I took the Veritas 4 1/2" smooth plane for a test drive yesterday and it was awesome. The sound of the wood shavings coming off of it was stimulatig to say the least. The feel of the plane is solid and feels just right in my hand. The weight is just right and now I need to make room on my bench so I can smooth down the boards by hand.

BTW Deb I used the WS3000 wide blade attachment and it works great for me. I recall you had some issues with yours and maybe I can share my insight if your still having problems with yours. The key for me was getting the top flat and square. ONce I got it set I was off to the races.


----------



## CanuckGal (Nov 26, 2008)

Dan I found the EZ Pro Dovetail Jig on Amazon for 40.00 + 15.00 shipping. That was a little better then what Grizzly quoted me for shipping, so I bought it. I cannot draw, cut, or even imagine a straight line freehand, so handcut dovetails would be an extraordinary challenge for me. I have been that way from the first time I held a crayon. I want to make a box for my nephew's cremains, so I am going to try the jig on that. 
The issue I ran into with the WS3000 wide blade attachment was getting it flush with the discs. And every time you change grits you have to readjust it. I did get the wide plane blade reasonably sharp, but not as sharp as the smaller blades in the regular WS slot. I just found it more of a PITA then anything. Maybe I was being too picky. But it did such a nice job on the other blades I was a bit disappointed when I couldn't achieve the same results. I have read lots of reviews and many people had the same issue. 
I am looking forward to seeing how you make out with the handcut dovetails. I envy you for having the patience to try it.


----------



## rwyoung (Aug 3, 2008)

One comment about Andy's PDF you linked. He draws the tail lines down past his scribe line. I'd suggest that you DO NOT emulate that step. Stop your pencil line at or just above the scribe line. This is a little visual trick to help you stop the saw cut right at the scribe line. If you attention wanders just a little bit, you might be inclined to keep following the pencil line past the scribe line. That is bad. 

Also, try and work with the show side of the board facing you when cutting tails or through pins. Again, this makes it easier to stop the saw cut. If you accidentally go a little past on the INSIDE, no big deal. But going past the scribe on the outside is tougher to recover.

When cutting the sockets, there is some debate about intentionally cutting past the scribe line. I've seen pictures of the insides of old drawers and I've seen a few in person where they cut well past the line. This deepens the cut in the sides of the sockets making for less chisel work. You just have to decide for yourself if the overcut offends your delicate sensibilities. 

Good luck and have fun! Dovetails aren't as hard as everybody thinks they are.

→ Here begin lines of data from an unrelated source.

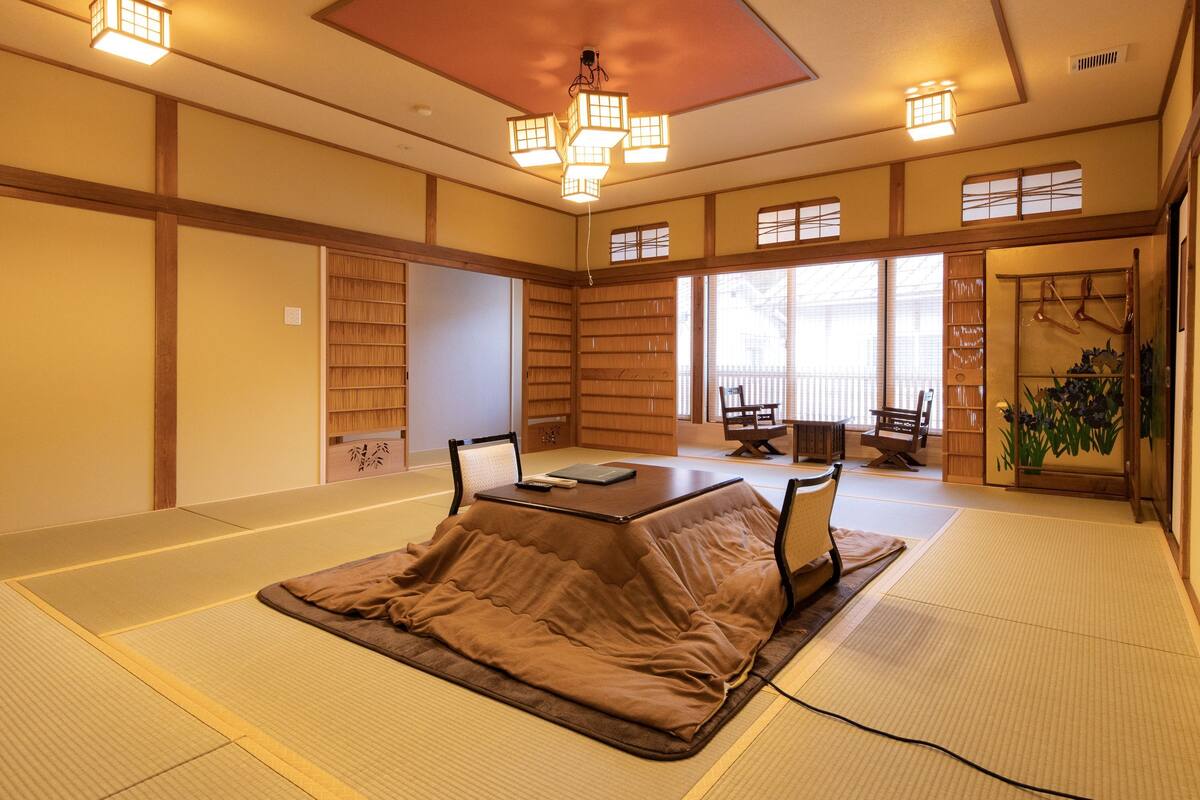 Une pièce avec un sol recouvert de tatamis, une petite table, des chaises et un luminaire de style japonais traditionnel au plafond.
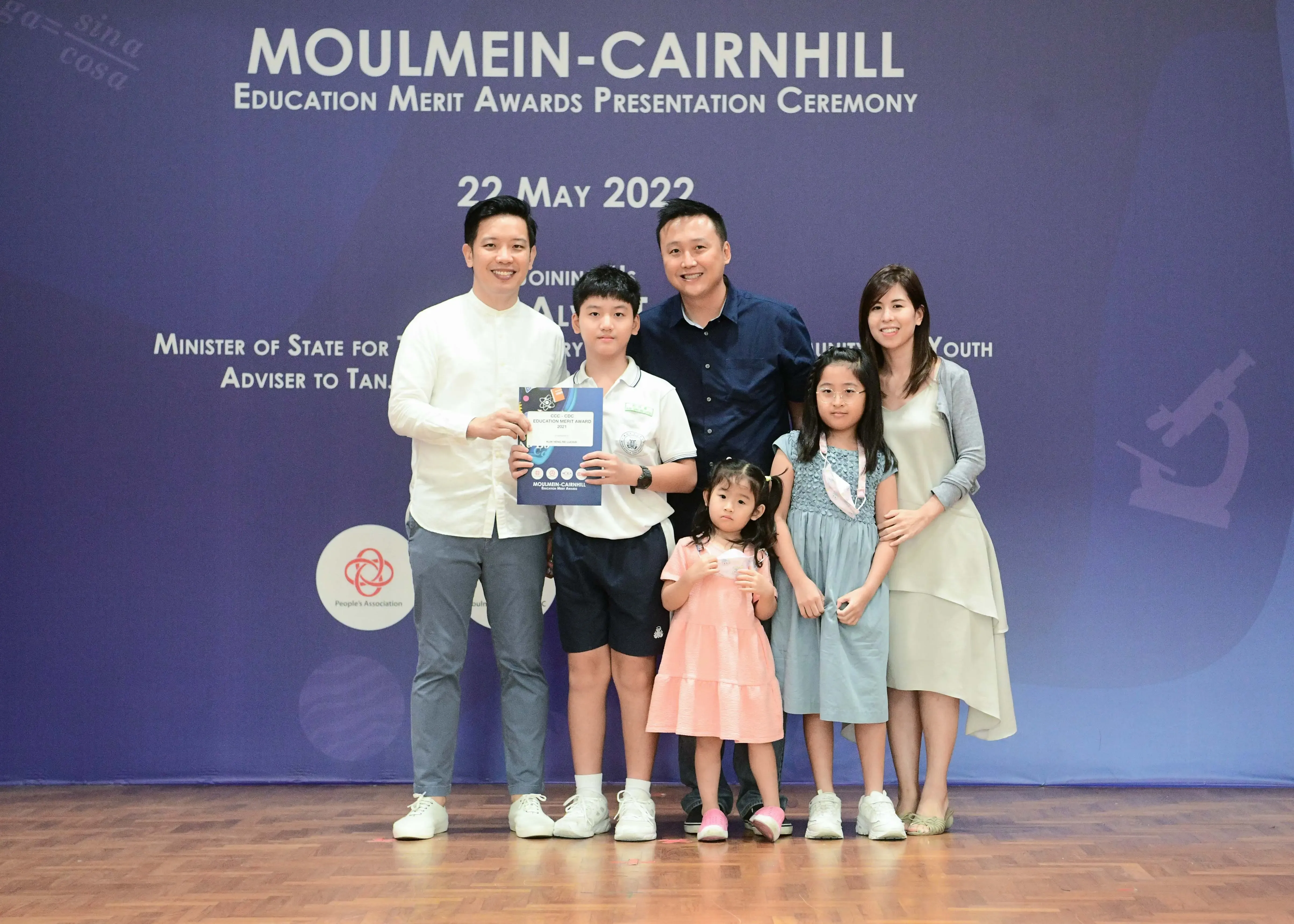 Group of six people posing with an award certificate at the Moulmein-Cairnhill Education Merit Awards on 22 May 2022.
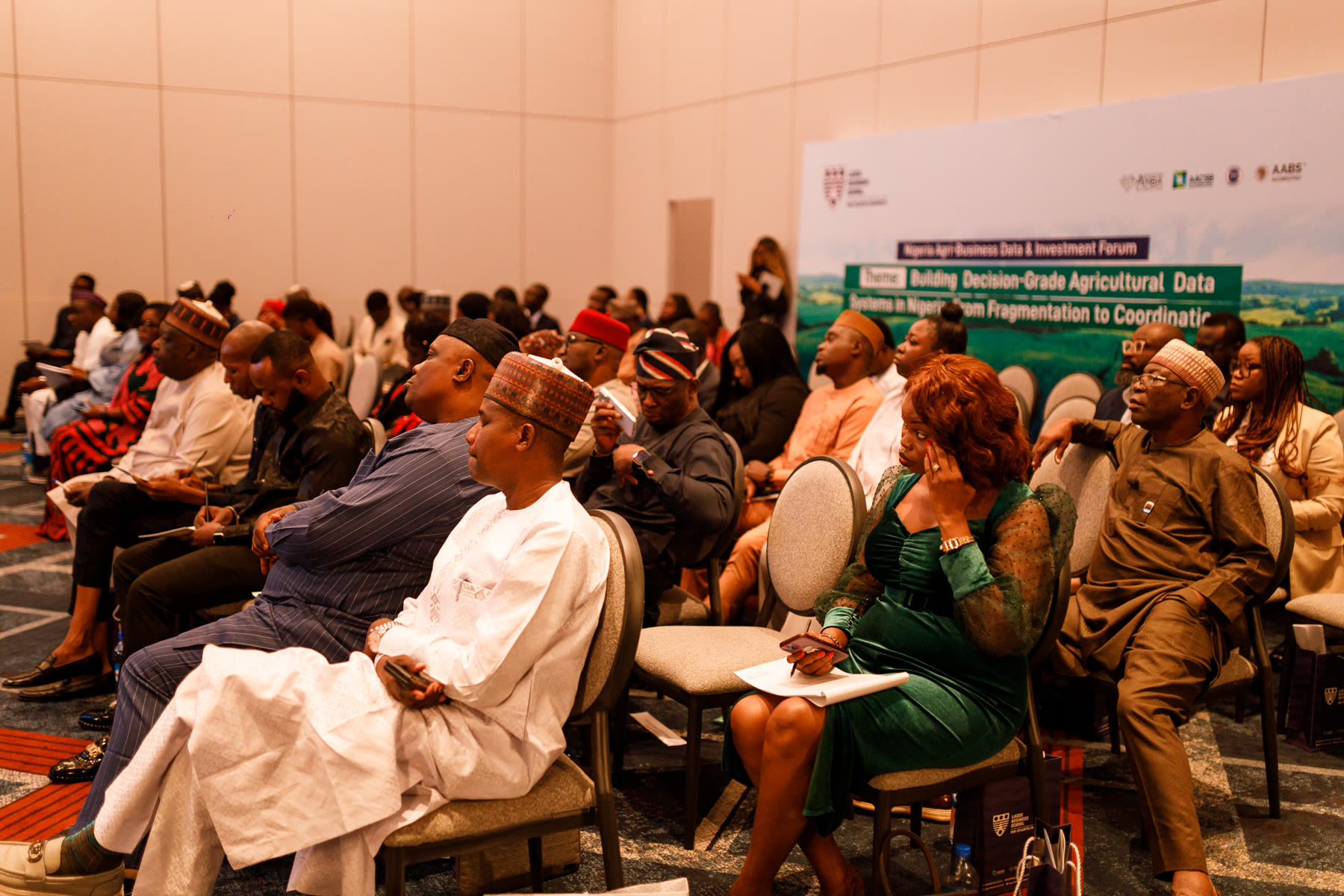 A wide view of the seated audience during a session.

Just be methodical and it will come out fine.


----------



## TwoSkies57 (Feb 23, 2009)

Came across this earlier this morning, I thought this to be one of the very best tutorials out there...*S*

Popular Woodworking - Dovetails Du Jour


----------



## CanuckGal (Nov 26, 2008)

Bill that is awesome! Supper is going to take a lot longer to make now..LOL.


----------



## TwoSkies57 (Feb 23, 2009)

CanuckGal said:


> Bill that is awesome! Supper is going to take a lot longer to make now..LOL.


well, chances are, you'll never look at a sweet potato the same way again...:sarcastic:


----------



## bobj3 (Jan 17, 2006)

Hi


That guy needs to get a life, obsessed with wood working I think LOL

========


----------



## jlord (Nov 16, 2009)

TwoSkies57 said:


> Came across this earlier this morning, I thought this to be one of the very best tutorials out there...*S*
> 
> Popular Woodworking - Dovetails Du Jour


Thanks Bill,
That was entertaining to watch.


----------



## rwyoung (Aug 3, 2008)

TwoSkies57 said:


> Came across this earlier this morning, I thought this to be one of the very best tutorials out there...*S*
> 
> Popular Woodworking - Dovetails Du Jour


Except they aren't dovetails. They are "shove tails". Look at the geometry of the "tails". :blink:


----------



## TRN_Diesel (Feb 24, 2009)

I guess it brings a whole new meaning to the term "Boxed Lunch" !


----------



## don martindale (Jul 9, 2010)

How are the dovetails coming?

I agree that cutting dovetails isn't as hard as some make it out to be. As RW said, just be methodical. The best thing is to practice with your saw, & while you're learning, ONLY use that saw. you'll get used to following & splitting a line easier. And you don't have to go crazy with chisels. If your chisels aren't quite beveled enough on the sides, you can take care of that on the belt sander (don't do this to $300 japanese chisels!). I only pare half-blind sockets & hounds tooths at final clean-out; I saw & chop the waste as much as possible. 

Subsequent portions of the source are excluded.